Subodh Gupta’s Cooking the World – fabulous pots and pans installation – you could even have a meal inside!
From Czechia to Basel to catch the world’s largest Art Fair. Cousins Diego and Christine come for the weekend, and I find them on Friday night, sipping wine with Ross on the banks of the Rhine.

We spend two days, mostly at the main exhibition hall. Hall 1 has some huge installations and is definitely for the avant grade – not too sure how much tickles my fancy there. In fact it is a bit of a chizz as many of these works are old and have been shown elsewhere – Venice Biennale for example. Having said that two of the films were extraordinary: John Akomfrah’s lament for Greece portrayed in surreal scenes filmed at an abandoned airport was moving and visually stunning; and Korean Park Chan-Kyong’s recreation of a mythical ceremony was nothing short of mesmerising. Likewise Mickalene Thomas’s Do I Look Like A Lady? film montage of powerful Black comedians and singers, starring Eartha Kitt, was uplifting.

Really not sure about this – more like something I would see when diving. It’s not catalogued under any of the normal headings – sculpture, installation, other materials, mixed media so what is it? Who is the artist? Prizes given…

I liked this Barbara Kruger in the wake of the Grenfell Tower fire

Peter Regli’s phallic installation was impressive…

Sue Williamson’s extraordinary bottle water feature – there were five of these in the installation.
Hall 2 hosts the galleries, and here in my opinion are some gems, mostly by established artists. It’s our wedding anniversary and I quite fancy the most exquisite Chagall I’ve ever seen. Cheered to see several Baselitz (we own a striking upside-down red head).

My Chagall please if you’ve got many millions…
We wander round the parcours in the Munster Platz, again a bit hit and miss. I find the descriptions of much of the work obtuse, and almost meaningless as a result – maybe because its translated from German. Check the caption to the photo of Christine walking on Massimo Bartolini’s road.

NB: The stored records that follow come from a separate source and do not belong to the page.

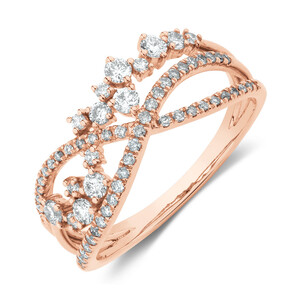 Ring with 0.50 Carat TW of Diamonds in 10kt Rose Gold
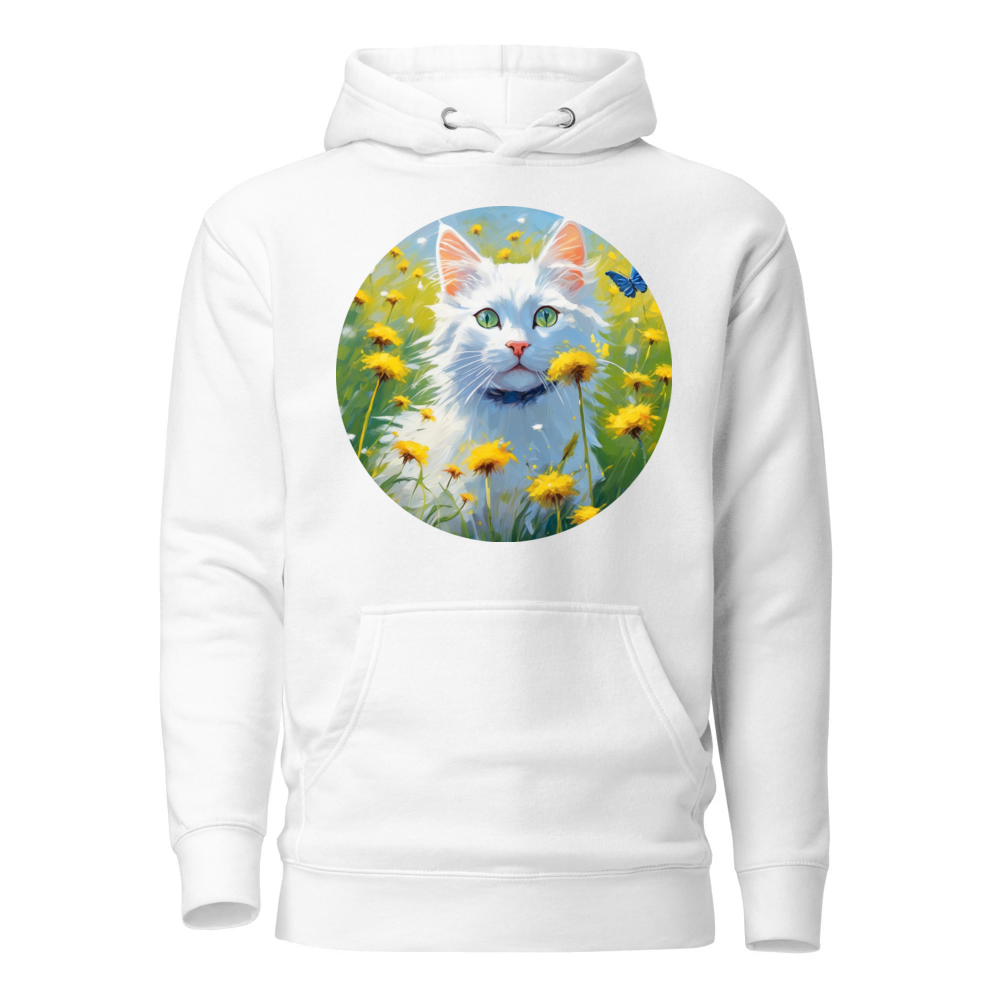 PugMug Custom White Companion Cat Hoodie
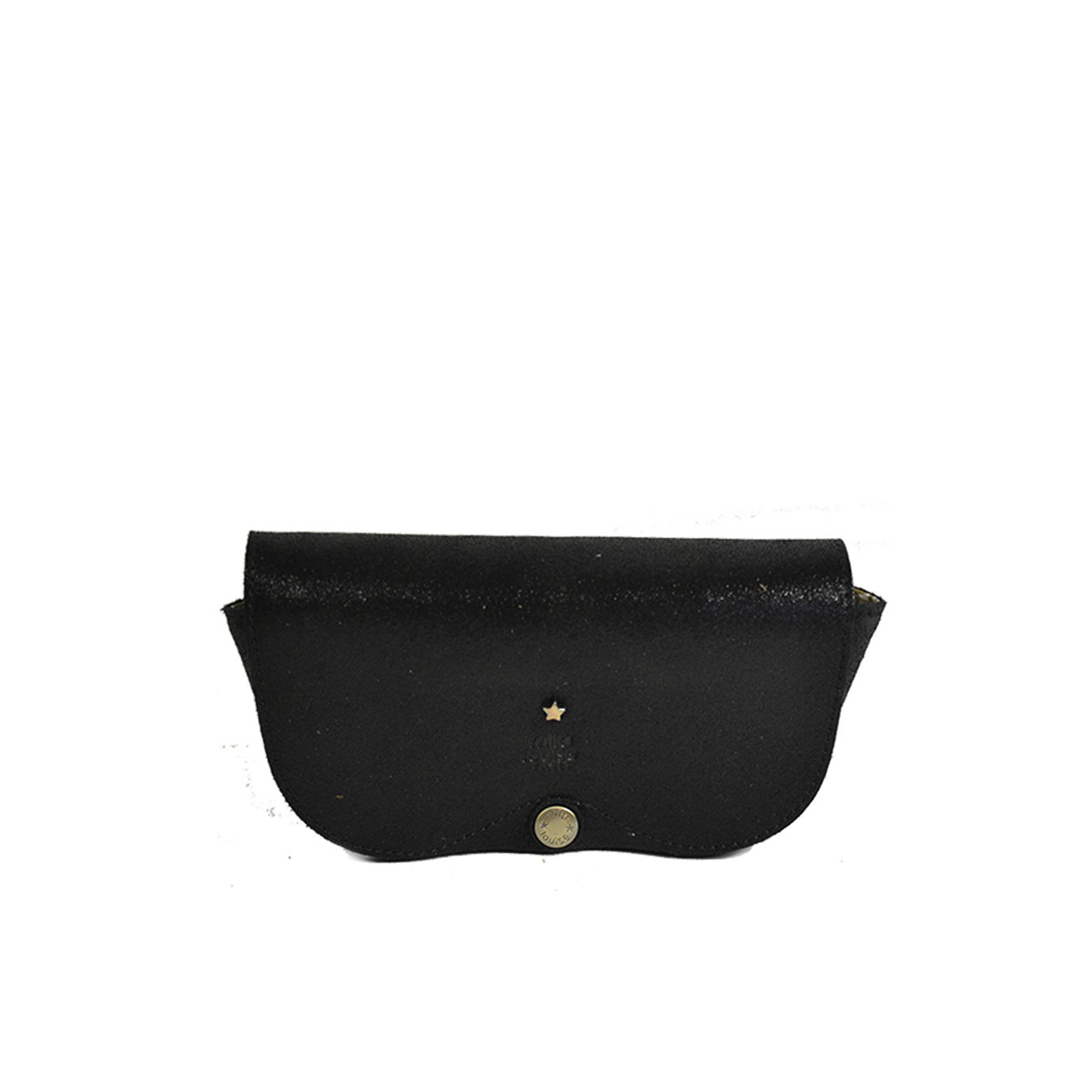 Mila Louise Etui a Lunettes Ossip X Cuir Pailleté Noir
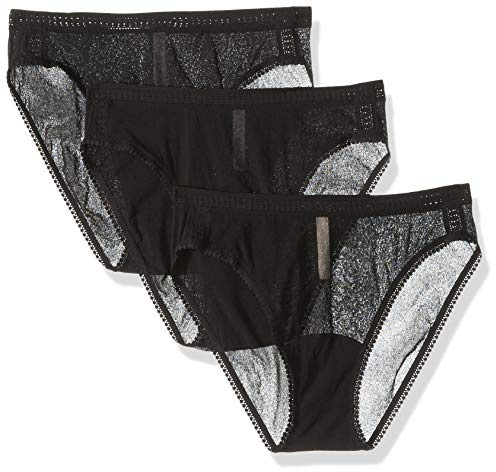 OnGossamer Women's On Gossamer Gossamer Mesh High Cut Brief Panty, 3 Pack Briefs (Pack of 3)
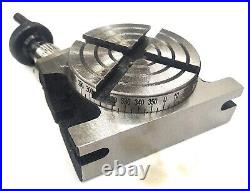 Rotary Table Horizontal Vertical For Milling 3 & 4 Inch Graduated 360 Degrees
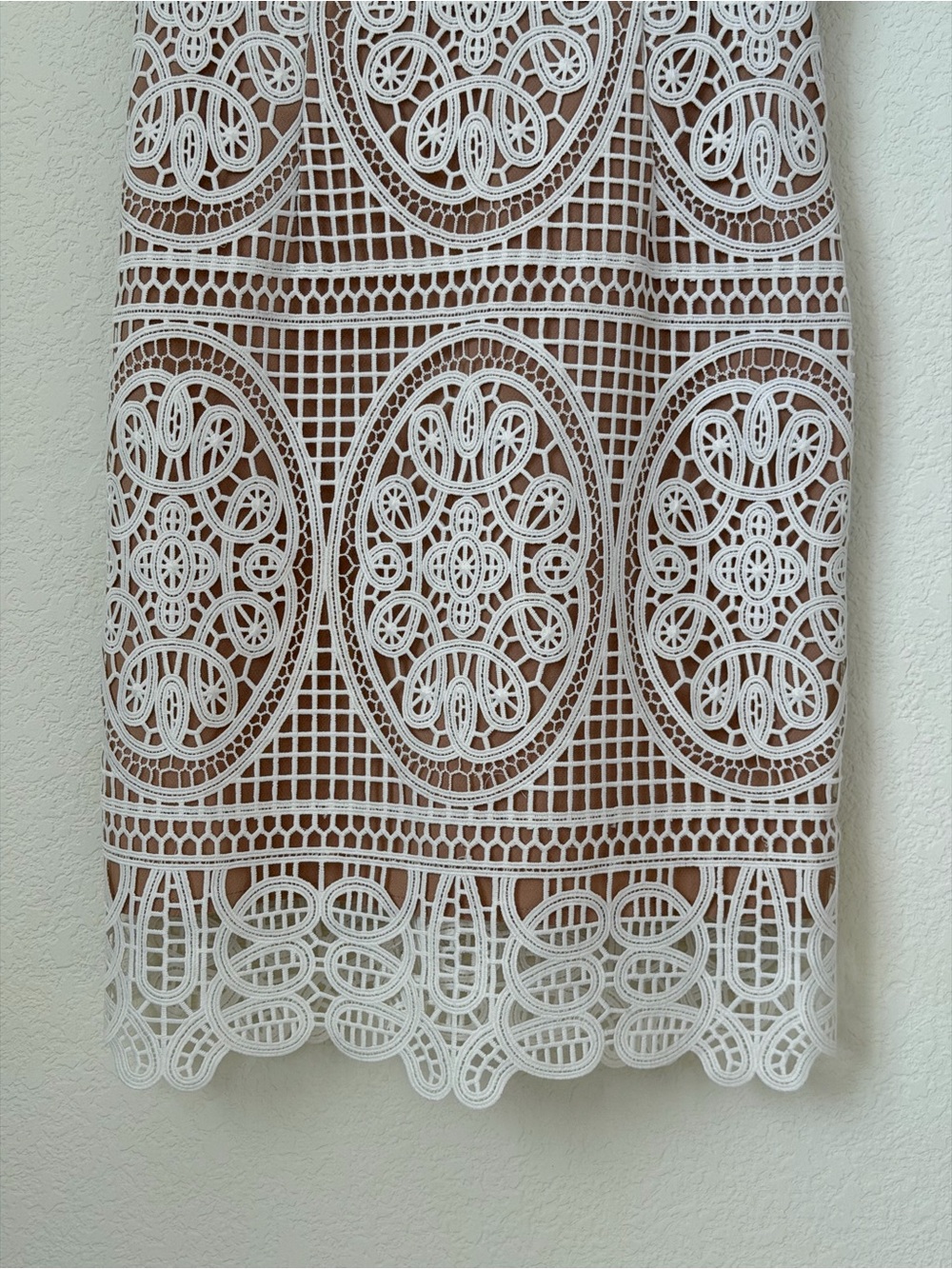 Aijek Designer Blackjack Embroidered Mini Dress in White Small - Picture 5 of 11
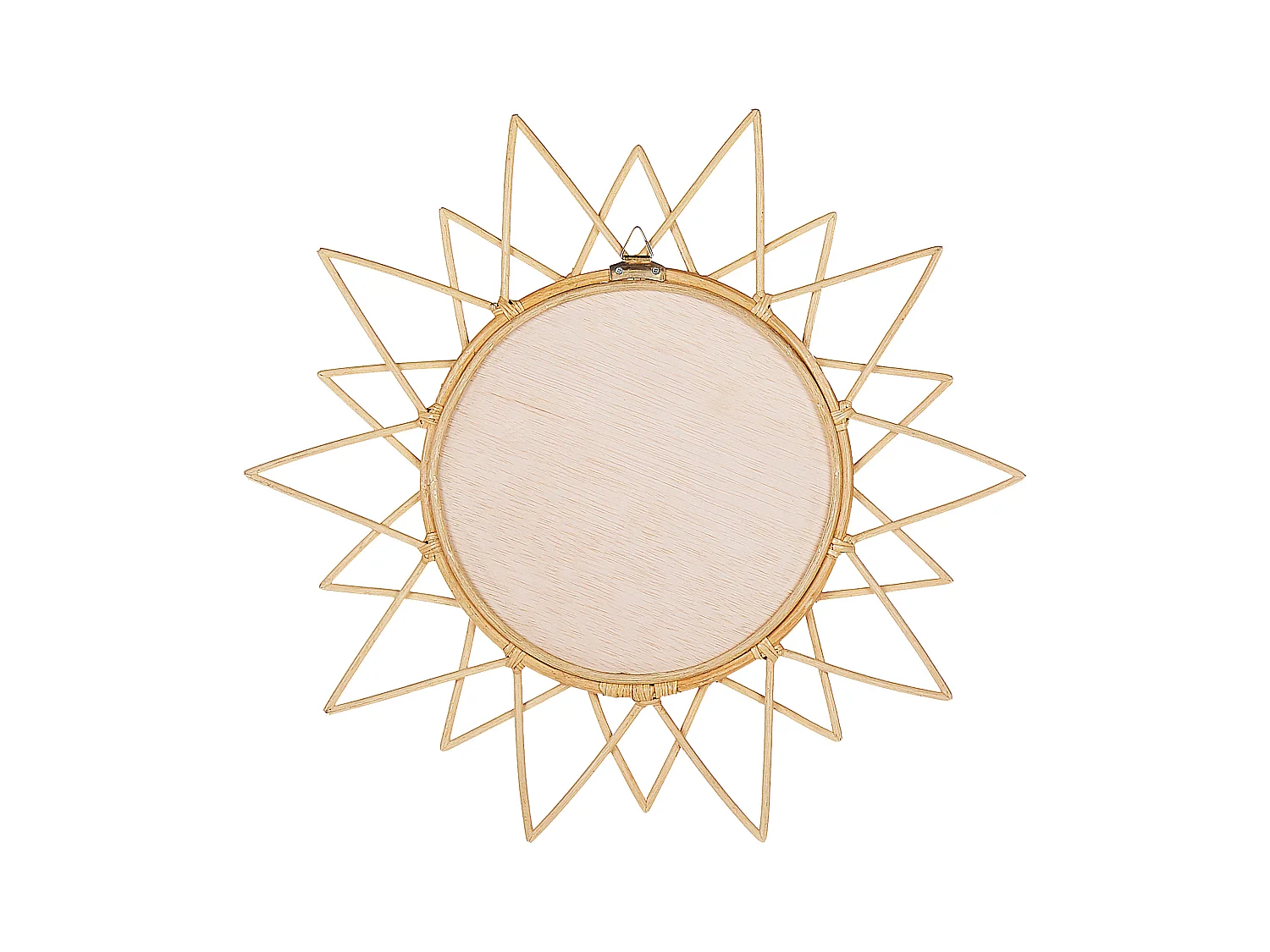 Wandspiegel AROEK 61 cm 61 cm Rotan Natuurlijk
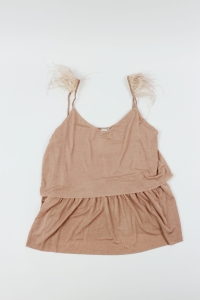 Różowa bluzka na naramkach, MANGO, 36 (S)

Ai Wei Wei sculpture in front of the cathedral
Buying rare whisky seems a good alternative after a hard day’s walking.
or meeting new friends…
As its our wedding anniversary (thinkI tilde you already! 34 years!) we have some celebrating to do…
We really loved the exhibition of Cezanne’s hidden sketches at the Kunst museum, which owns the largest collection of his sketchbooks. They were split up by his son and sold on his death. Here they have reassembled a meaningful selection and we see how they inform his later pictures, for instance the bather series, which he did not draw from life but from memory of all those mornings spent in Le Louvre sketching the sculptures.
A great weekend, and a lesson on contemporary art….and my legs/hip have finally had enough after a week of limping round Europe

A fun exhibition of Robert Pruitt’s celebrity lookalikes – Gilbert & George and ???